Как только, с чем только и куда только с той поры мне не приходилось передвигаться по Свердловску! С санками, лыжами, Зоей и Машей в переполненном грязном троллейбусе, с Диггером в наморднике, с костылями для Лени, в намокающих валенках, с флюсом, с бабушкой в скорой помощи, цветами в такси, клещом за ухом, с анализами, тортом, байдарочными веслами, с умирающей черепахой, гуманитарной помощью, с ожогом живота, платьем для утренника, фанерой в кузове, мешком раствора в багажнике иномарки. И в красивой шубе, и в дорогом макияже, с солидным мужем, в перекрывающих друг друга облаках французской парфюмерии… Одного только не было в моей свердловской жизни: просто так, куда глаза глядят, с подругой, с приятелем, а еще лучше одной, растворяясь в толпе, как в Москве, как в Париже…
— Ну как же, Иринушка, ты на меньшее не согласна, тебе Париж подавай! — Он приехал из районного городка, для него когда–то, наверное, и Свердловск был Москвой.
— Что же делать, Игорь, если здесь я только фукцирую.
— А это, ласточка, кто как себе выбирает. Так живешь — значит, хочешь так жить. Как так люди живут, будто смерти нет вовсе!
Тему смерти я с ним обсуждать не люблю. Темы я обсуждаю с Майоровым.
— Знаешь, Андрей, — сказала я как–то ночью, свернувшись в кресле, — даже если б мы захотели друг друга и ты не был бы православным, не смотрел бы, что Леня — твой друг, что ты женат, и я бы на это не смотрела, нам секс ничего бы не дал. Согласен?
— Скажи, почему.
— А о чем бы мы говорили после, шептались, смеялись — после первого раза, когда можно наконец не таиться, в тот момент, самый лучший, когда в фильмах закуривают…
— Да, пожалуй. У меня ведь телефон на подушке.
Теперь нашей темой стал Чмутов — стал потихонечку, невзначай, я исподволь его поругивала, чтоб Майоров хвалил, и улыбалась, заслышав его имя.
— А-а, ты тоже подсела на Чмутова, — догадался однажды Майоров, — и Фаина его постоянно снимает.
Фаинка сняла про Чмутова несколько передач, и теперь Чмутов сам пытался снять Фаинку, Чмутов делал ей очень конкретные предложения, но она была смолоду сыта своим режиссером, компостировавшим в трамваях комсомольский билет и разгуливавшим по городу в зеленых колготках.

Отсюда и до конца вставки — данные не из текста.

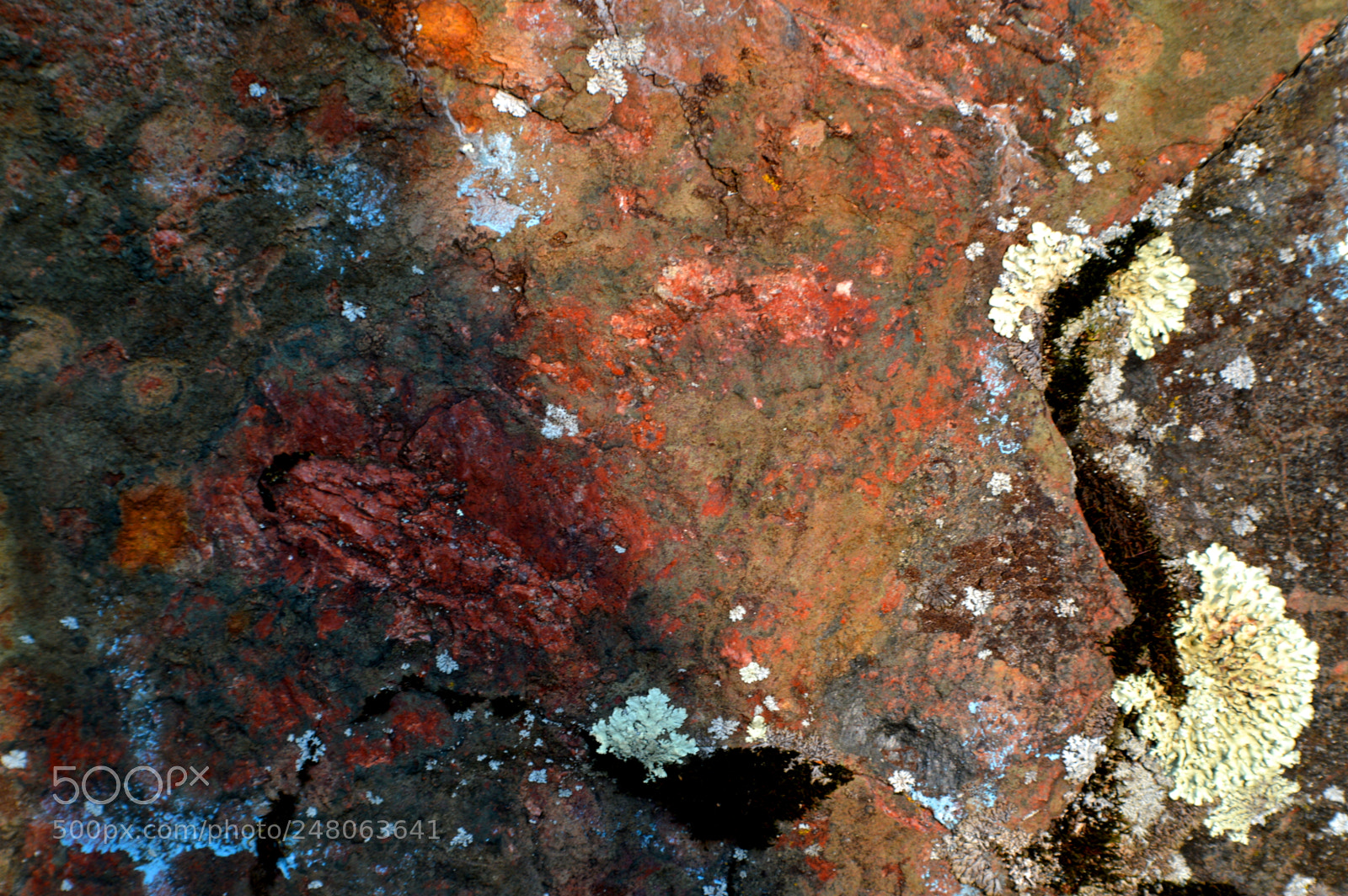 Nikon D3200 sample photo. Snake photography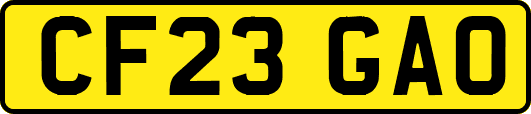 CF23GAO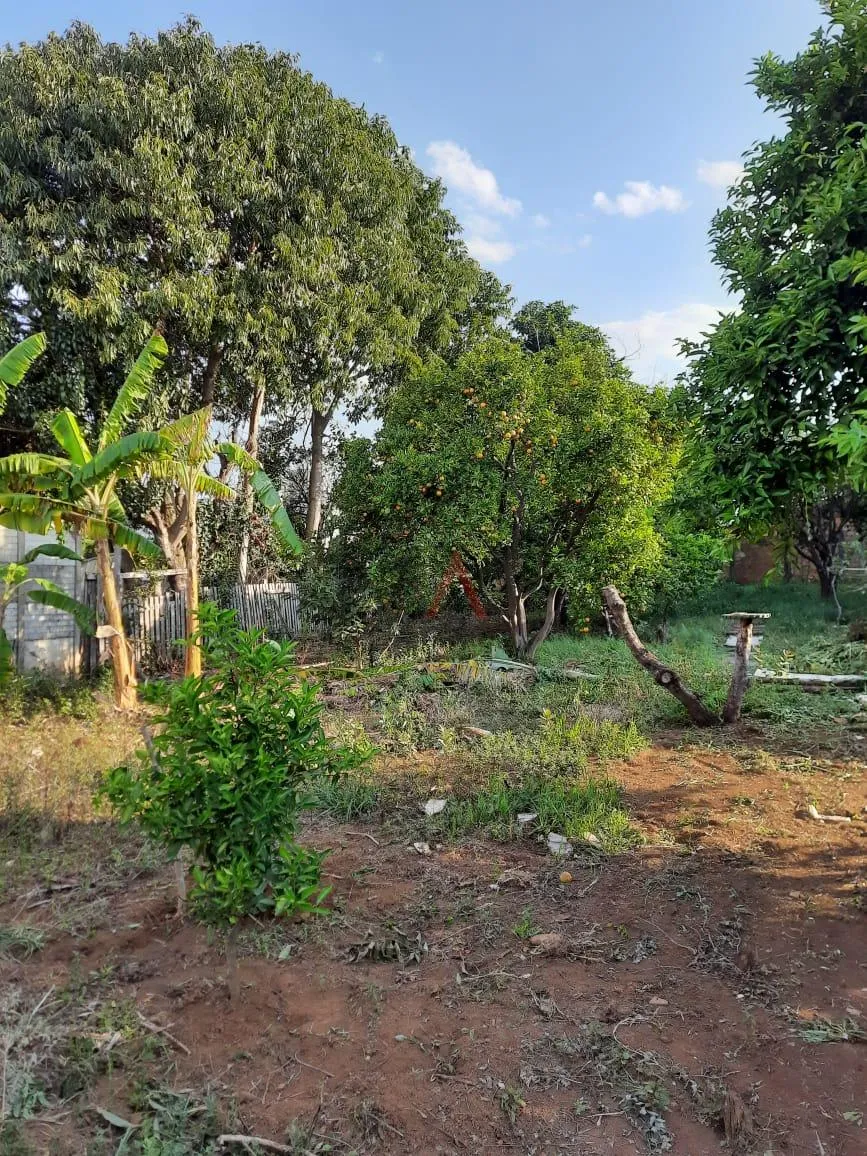 Imagem Excelente terreno à venda com terreno de 1.276,50m no Bairro dos Estados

Я пыталась исподволь втолковать это Чмутову. Он быстро вычислил наш телефонный треугольник.
— Полтора часа с Фаиной, я засек, — говорил он мне вместо «але, Ирина». — Мы с Майоровым вас застукали.
Он читал мне по телефону стихи, много стихов, пропевал каждый звук, любовался словом. Он любил то, что читал, исполнение было эффектным, но стихи становились похожими, как римские храмы, которые пробегаешь с экскурсоводом. У него были свои кумиры: Мандельштам, Высоцкий, Еременко. Про любовь к Еременко я вычитала в «конспекте романа» и все хотела, но никак не могла раскопать в библиотеке сборник. Он почему–то ненавидел Пастернака… Ни у меня, ни у Фаинки в те дни еще не было Интернета, но мы с трудом дозванивались друг до друга. Чмутов вписался в наш клуб, превратился в главного гостя, свежую кровь, телефонный стимулятор. Он обзванивал всех перед выставками и фестивалями, первым отзывался, если видел кого–то по телевизору. Хвалил возбужденно и щедро, критиковал осторожно, не увлекаясь. Он западал на таланты, будоражил всех, бредил проектами, хотел шума, славы и денег — необязательно для себя.
— Ленюшка, а давай Ватолину премию дадим. Демидовскую. Хороший же поэт, есенинский. И поддержать бы надо, в запое ведь человек.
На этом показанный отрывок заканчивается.